Наверно, не придет, подумал Мирон Александрович. Утром встретил его рогатиной, вот он и сдрейфил.
Когда Дорский уже не сомневался в том, что зря поставил на стол вторую чашку, тишину разорвал звон колокольчика.
Но пришел не тот, кого он ждал, а, к его великому удивлению, Андрей в блузе мастерового, бессменных и безотказных штанах, коробившихся на коленках, заросший до плеч длинными каштановыми волосами, смахивавший не то на переодетую в мужскую одежду девицу, не то на семинариста.
Он поздоровался с отцом за руку и, разглядывая квартиру, как судебный исполнитель, явившийся описывать чужое имущество, остановился у накрытого для чаепития стола.
— Ждешь кого-то? — дружелюбно спросил он у Мирона Александровича.

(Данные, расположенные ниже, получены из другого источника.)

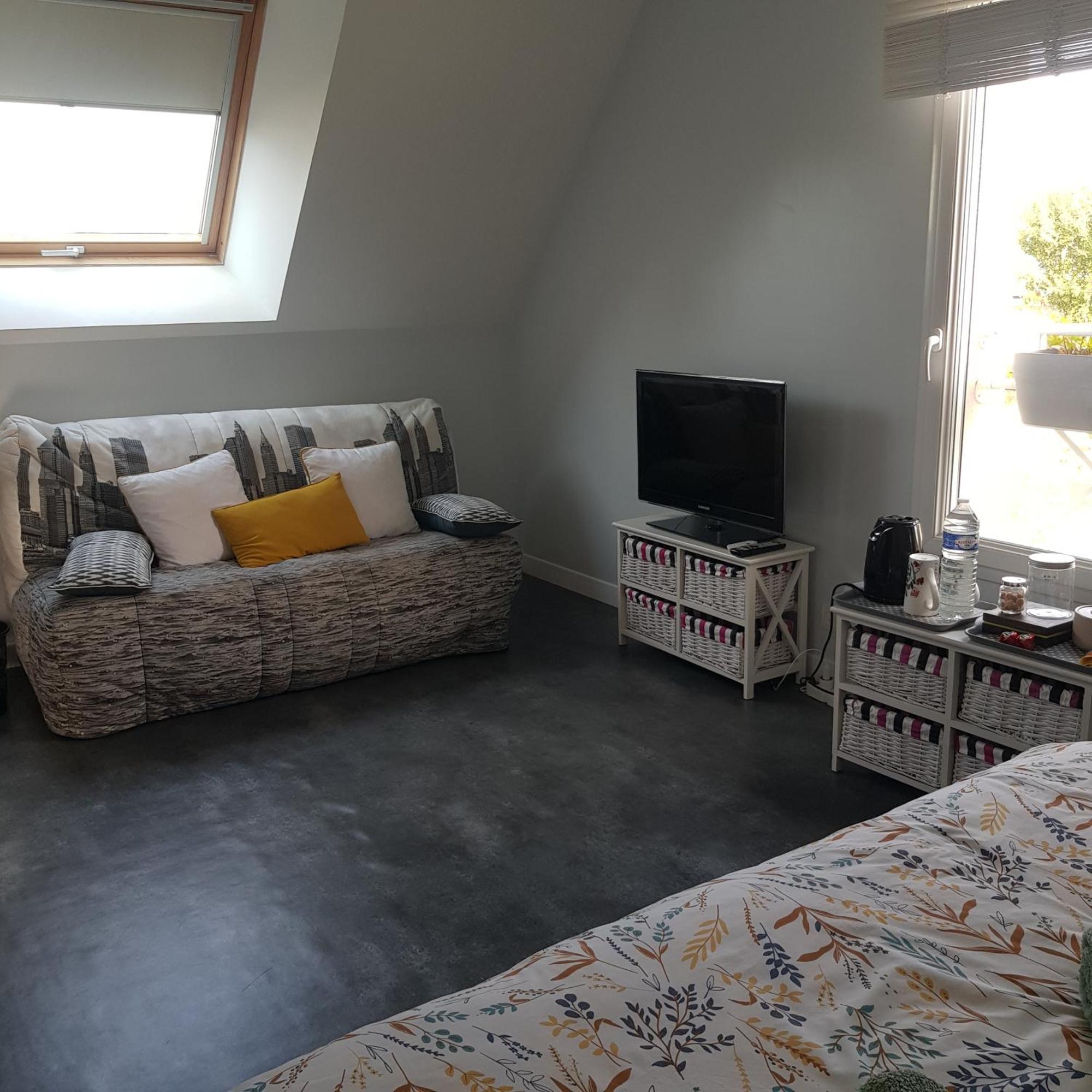 Grande Chambre Entre Caen Et La Mer Chambre Terrasse Jardin Et Piscine Mathieu 외부 사진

— Тебя! — ответил Дорский, пытаясь своим быстрым, привыкшим к мгновенным оценкам умом докопаться до истинной причины его прихода. В самом деле, что ему вдруг понадобилось? Деньги? Совет? Но от отцовской помощи он давно и бесповоротно отказался. А советы им, умникам, не нужны, у них свои советчики. — Садись! Будем чай пить!
Удивление Дорского достигло предела после того, как Андрей с ходу, без всякого ломанья и уговоров, согласился.